Plaintiff's third assignment of error asserts that the trial court erred in allowing defendant to withdraw a stipulation without a showing of cause. Defendant responds that the trial court properly may allow withdrawal of a stipulation, even without a showing of cause, provided the other party is not prejudiced thereby.
The trial court has discretion to grant or deny a request for withdrawal of a stipulation. See Ish v. Crane (1862), 13 Ohio St. 574, 580. Thus, we will reverse the decision of the trial court only if the record affirmatively reveals that the trial court abused its discretion. Cincinnati v. Reichman (1971), 27 Ohio App.2d 125, 128, 56 O.O.2d 287, 288-289, 272 N.E.2d 904, 905-906.

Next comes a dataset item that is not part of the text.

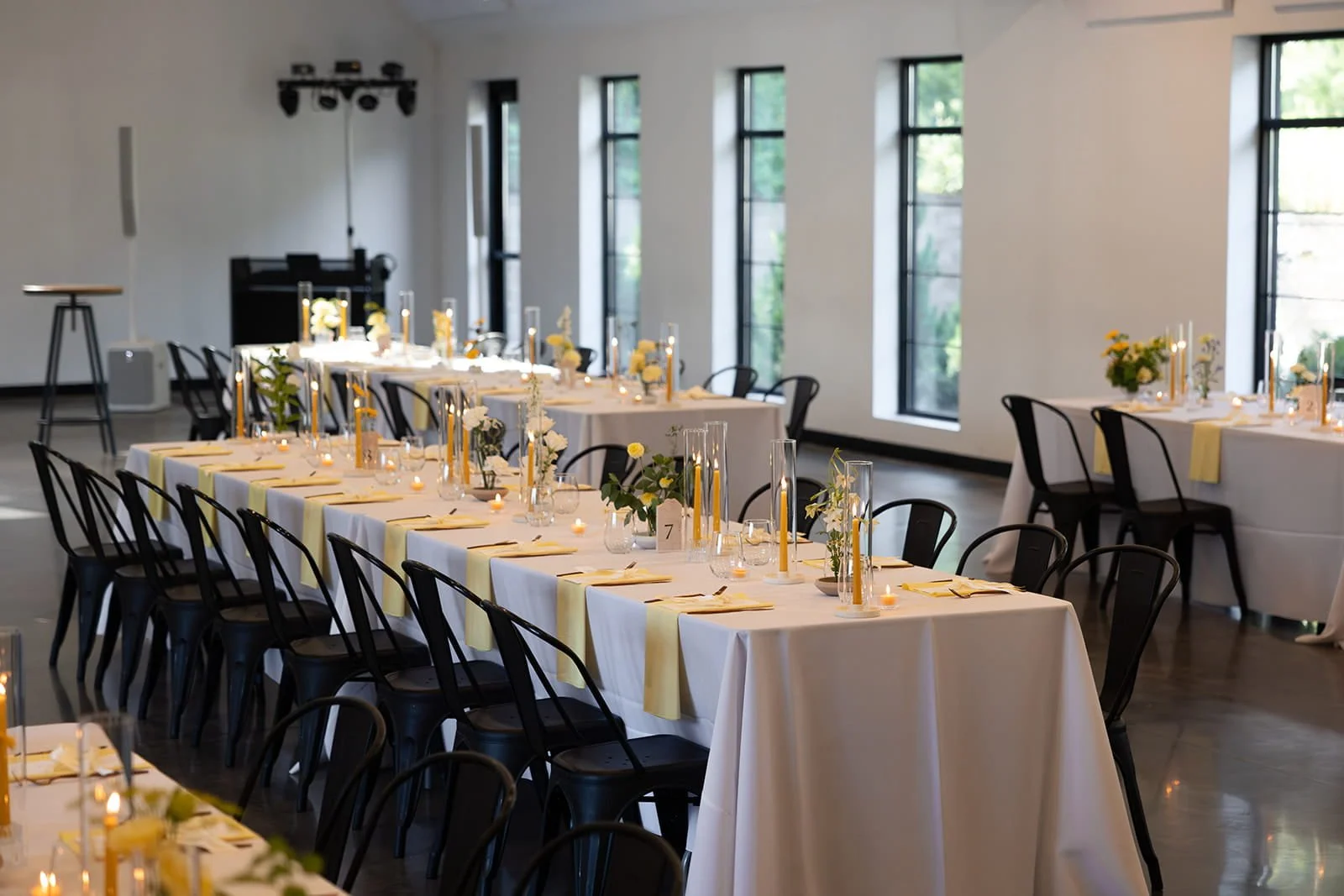 Butter-yellow-wedding-aesthetic-pinewood-minnesota-happililyevents-alimillerphotography (25).jpg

Even if the trial court abused its discretion in allowing withdrawal of the stipulation, any such error was harmless, as plaintiff has demonstrated no resulting prejudice. Smith v. Flesher (1967), 12 Ohio St.2d 107, 110, 41 O.O.2d 412, 413-414, 233 N.E.2d 137, 139-140. Accordingly, we overrule plaintiff's third assignment of error.
Having overruled plaintiff's first, second, and third assignments of error and sustained plaintiff's fourth assignment of error to the extent set forth herein, we reverse the judgment of the trial court and remand for further proceedings in accordance with this opinion.
Judgment reversed and cause remanded.
STRAUSBAUGH and KLINE, JJ., concur.
ROGER L. KLINE, J., of the Pickaway County Court of Common Pleas, sitting by assignment.